Zagadkowa śmierć na pustyni w Arizonie. Po 62 latach ustalono, kim była i jak wyglądała "Little Miss Nobody"

Źródło:
CNN, The New York Times, Yavapai County Scheriff`s Office
Wiadomo, kim jest dziewczynka, której zwłoki znaleziono 62 lata temu w Arizonie
Wiadomo, kim jest dziewczynka, której zwłoki znaleziono 62 lata temu w ArizonieNational Center for missing and Exploited Children
wideo 2/4
Wiadomo kim jest dziewczynka, które zwłoki znaleziono 62 lata temu w ArizonieNational Center for missing and Exploited Children

Mówili o niej "Little Miss Nobody", bo przez ponad 60 lat śledczym nie udało się ustalić, kim była dziewczynka, której zwłoki znaleziono na pustyni w Arizonie. Teraz, dzięki wykorzystaniu nowoczesnych badań DNA, nastąpił przełom w sprawie. "Nieszczęsny pseudonim będzie mógł zostać usunięty z nagrobka” - przekazał szeryf David Rodos z hrabstwa Yavapai.

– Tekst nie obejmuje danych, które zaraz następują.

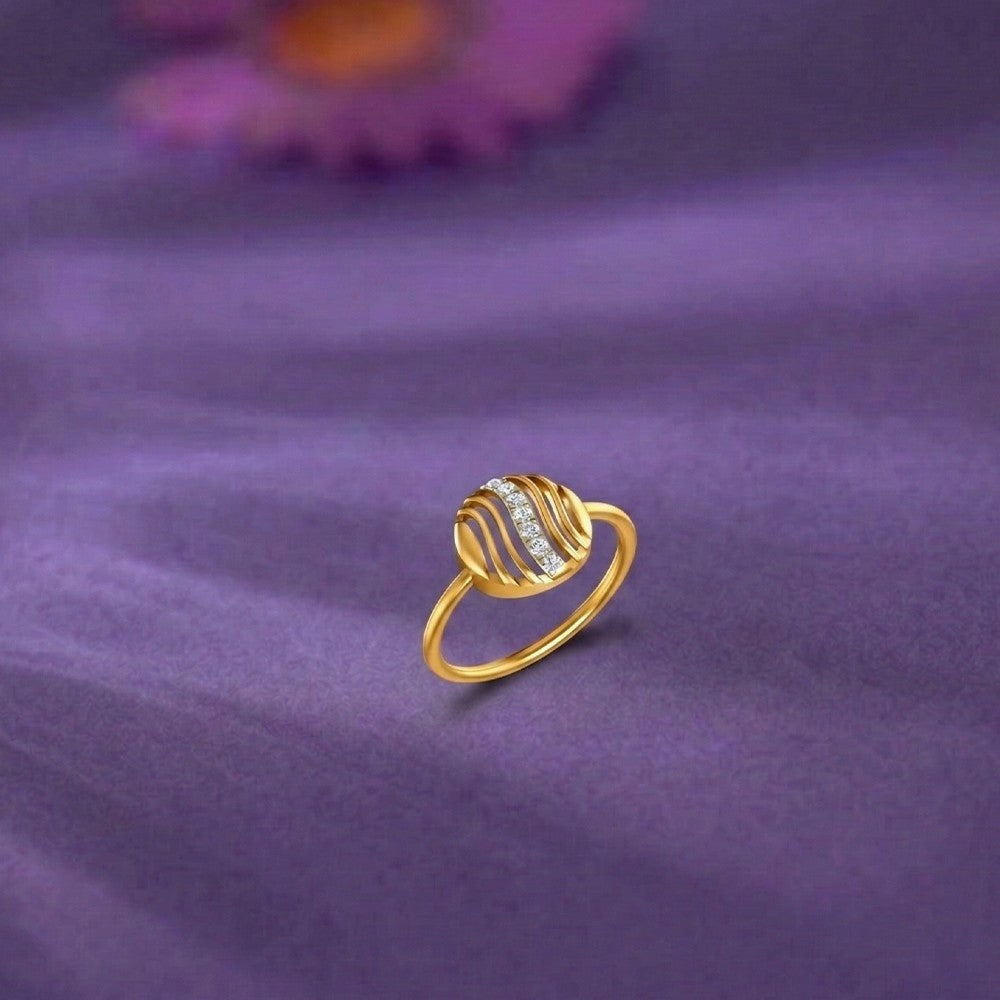 A gold ring with a textured, wavy circular center and a row of small clear stones, resting on a purple fabric surface.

31 lipca 1960 roku nauczycielka szukająca minerałów na pustyni w Arizonie, w hrabstwie Yavapai, dokonała tragicznego odkrycia - natknęła się na zwłoki małej dziewczynki. "Dziecko miało na sobie bluzkę w kratkę i białe szorty. Klapki typu japonki w rozmiarze dla dorosłych zostały przycięte tak, by pasowały do ​​jej małych stóp. Jej paznokcie były pomalowane na czerwono" - napisano w "The New York Times". Zwłoki były w takim stanie, że ani wtedy, ani później śledczym nie udało się ustalić tożsamości ofiary. W związku z tym dziewczynkę nazywano "Little Miss Nobody" - Małą Panną Nikt.

OGLĄDAJ TVN24 NA ŻYWO W TVN24 GO>>>

Po ponad 60 latach, dzięki zastosowaniu nowoczesnych badań naukowych i metod kryminalistycznych, udało się ustalić, kim była dziewczynka. Już wiadomo, że zwłoki dziecka, znalezione przed 62 laty, należały do Sharon Lee Gallegos. Dziewczynka została porwana z podwórka babci w Alamogordo, w stanie Nowy Meksyk. "Rodzina zgłosiła zaginięcie, ale policji w Alamogordo i FBI nie udało się odnaleźć ani małej dziewczynki, ani podejrzanych" - przekazało w komunikacie biuro szeryfa. Dziesięć dni po zaginięciu Sharon znaleziono niezidentyfikowane zwłoki dziecka na pustyni. Teraz już wiadomo, że była to zaginiona czterolatka.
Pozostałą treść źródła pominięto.